**EXERCISE AIM:**
Below are entries; repeat exactly, and nothing else, the lines from the one holding "现代机场航站楼玻璃墙旁站着一个英俊的女孩为飞机拍照视频的预览图" through the one holding "Праздничный наплыв посетителей", inclusive. Leave the pictures out.

**SUPPLIED ENTRIES:**
----
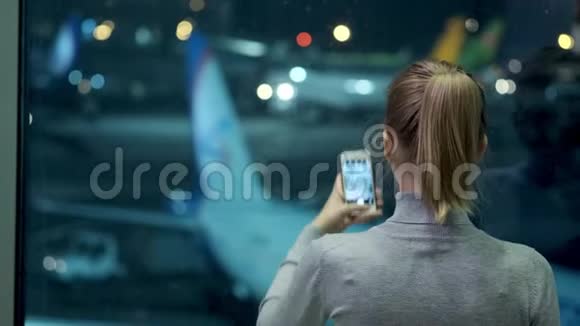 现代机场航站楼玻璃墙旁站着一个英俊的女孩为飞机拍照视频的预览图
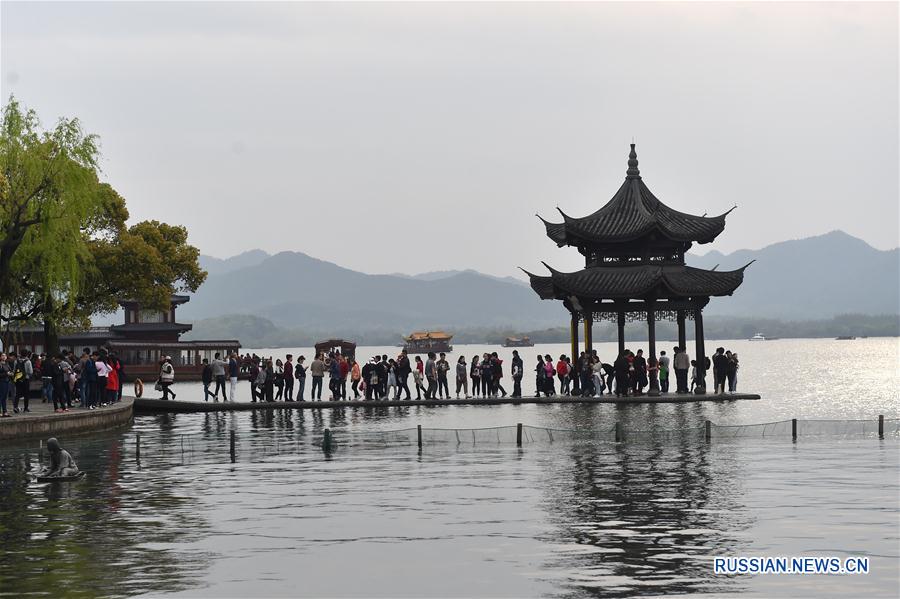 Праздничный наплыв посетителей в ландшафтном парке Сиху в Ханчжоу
----
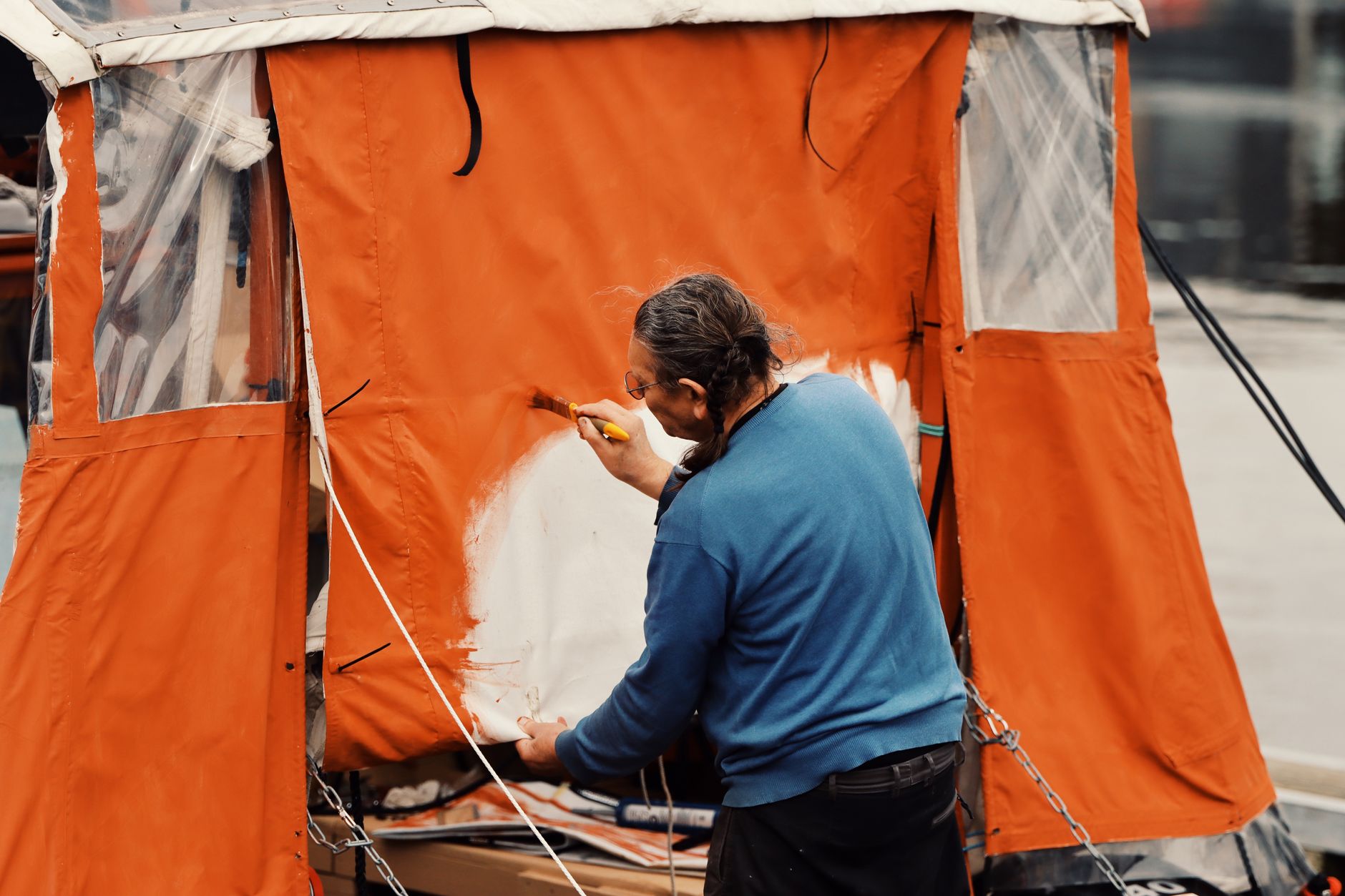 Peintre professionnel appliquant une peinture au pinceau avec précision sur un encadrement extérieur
----
**TASK RESPONSE:**
 现代机场航站楼玻璃墙旁站着一个英俊的女孩为飞机拍照视频的预览图
 Праздничный наплыв посетителей в ландшафтном парке Сиху в Ханчжоу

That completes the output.